Jeff Bridges And Nikki Silver To Try And Bring Lois Lowry's The Giver To The Big Screen
When I was a kid there were few books that I loved as much as Lois Lowry's The Giver. Seriously, I made something like 20 dioramas using scenes from that book. A winner of multiple awards, including the 1994 Newbery Medal, the book is a great bit of dystopian fiction and even when I was 10 years old I wondered why nobody had ever turned it into a movie. The truth is there have been many attempts that have simply fallen flat. Specifically, producer Nikki Silver and Jeff Bridges have been trying to get Lowry's book on the screen for the last decade, but have been unable to get it done. In 2007 the rights landed at Warner Bros. where it has spent the last few years in development hell, but now Bridges and Silver have them back and are ready to get the movie made.
According to Variety, the duo has set up the project at On Screen Entertainment with Vadim Perelman, best known for writing and directing House of Sand and Fog, writing the screenplay. While the article doesn't mention it specifically, Bridges may be lining himself up for the title role, quoted as saying, "I originally thought of the role of The Giver as a vehicle for my father, the late Lloyd Bridges, however, at 61 years old I feel the time is right for me to do it." Set in a distant future where memories of history have been eradicated and emotions silenced , a twelve year old boy named Jonas learns that he is to be the "Receiver of Memory," the one person in the community who can enlighten decision through experience. Through what he learns, however, he begins to question the society's ways and learns some horrific truths.

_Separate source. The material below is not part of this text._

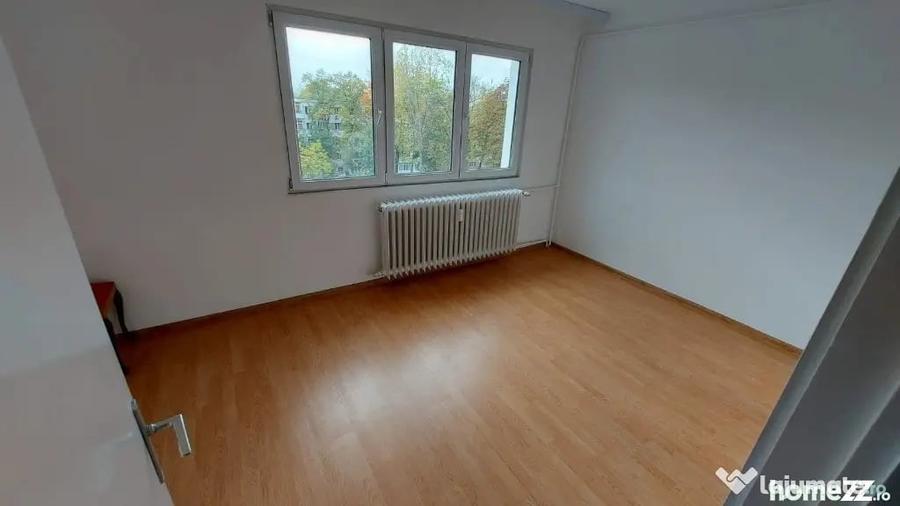 Apartament cu 2 camere semidecomandat în Tătărași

As much as I've wanted this film to get made, I do understand why it's taken so long to make the leap to the silver screen. For one thing, the film will likely be almost entirely black-and-white (though it will gain more and more color as the story goes on) and there's some disturbing imagery that might make the material unsuitable for its target audience. It should be mentioned that the book isn't perfect and has some gaping holes, but in the hands of a proper writer and director it could be wonderful.